Crossing the line

Written by Jane Harris No Gravatar

We were stuck in Muang Ngoi  for three days.  Our arrival coincided with the Buddhist festival of Boun Makha Bu-sao and celebrations were in full swing. More significantly it coincided with a decision by village elders that Muang Ngoi was being plagued by bad souls or ghosts of which it had to be purged.  The last time this happened was three years ago.

Purging involved tying a string around the perimeter of the village that could not be crossed in either direction until the ghosts had been eliminated.  The string was to go up at 3.00pm on Saturday so we were sure to return from our walk in the paddy fields a good hour before that.  Unfortunately when we got to the village boundary the string had been put up early.

We were told that crossing it would be impossible so began to anticipate a night with one of the local hill tribes.  Then, after some discussion, we were told that it might be possible to pass after all if we were to pay, say, 20,000 KIPS to those guarding it (around £2) by way of a donation to Buddha.  Now this was a little confusing.  The purging wasn’t actually a Buddhist ceremony – although to be fair the local monks were assisting with it – so why were we paying Buddha?  And if we were paying Buddha why couldn’t we take the money directly to the temple? But we paid all the same.  Well you do when you’ve got an AK-47 in your face don’t you?

Buddha obviously deemed our actions acceptable because we were allowed to return to our guesthouse on the understanding that we wouldn’t try to cross the line again.  Sitting on the river bank watching boats attempting to pull into the village later in the day I noticed that Buddha also deemed the loan of a transistor radio acceptable recompense for allowing a family from a neighbouring village to enter Muang Ngoi.  And he was more than happy for those making the weekly Beer Lao delivery to cross the line unchecked.

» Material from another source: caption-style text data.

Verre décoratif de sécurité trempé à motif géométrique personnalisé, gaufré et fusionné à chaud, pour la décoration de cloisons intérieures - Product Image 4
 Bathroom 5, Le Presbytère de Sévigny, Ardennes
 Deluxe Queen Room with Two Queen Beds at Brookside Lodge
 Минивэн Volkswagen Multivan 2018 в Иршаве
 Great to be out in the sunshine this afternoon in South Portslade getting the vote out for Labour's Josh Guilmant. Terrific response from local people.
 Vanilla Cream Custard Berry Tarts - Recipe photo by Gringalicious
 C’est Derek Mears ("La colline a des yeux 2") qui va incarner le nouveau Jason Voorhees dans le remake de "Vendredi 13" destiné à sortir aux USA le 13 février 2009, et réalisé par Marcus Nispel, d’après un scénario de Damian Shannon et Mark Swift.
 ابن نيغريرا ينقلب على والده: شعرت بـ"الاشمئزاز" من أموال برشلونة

Hauled up in the village we thought we’d take our guesthouse up on its offer of massage but on enquiring we were told that it wasn’t possible at this time. One of the two masseurs was at the temple, the other drunk.  ‘It’s a strange time’ said our host nodding sagely.  So with little else to do we settled into a daily routine that involved watching the street (no not ‘Corrie’ – more hens than Duckworths I’m afraid) then walking its length to see what was happening at the wat.

On one occasion I witnessed what I think must have been the start of the purging ceremony.  Villagers had brought brooms, buckets and mops to the temple and were cheerfully tying themselves together with the end of the aforementioned string. The village has no electricity supply but an ancient looking generator had been cranked up by the monks to allow for a PA system of sorts to be created.  A voice boomed litanies and instructions to the attendant crowd of villagers. From my viewpoint behind the motor I felt a little like Dorothy when Toto reveals that the wizard is nothing but smoke and mirrors after all.

Still, I was more than a little relieved when we woke the next morning to news that the ghosts were gone. I packed my bags and was off as quickly as my ruby red slippers could carry me.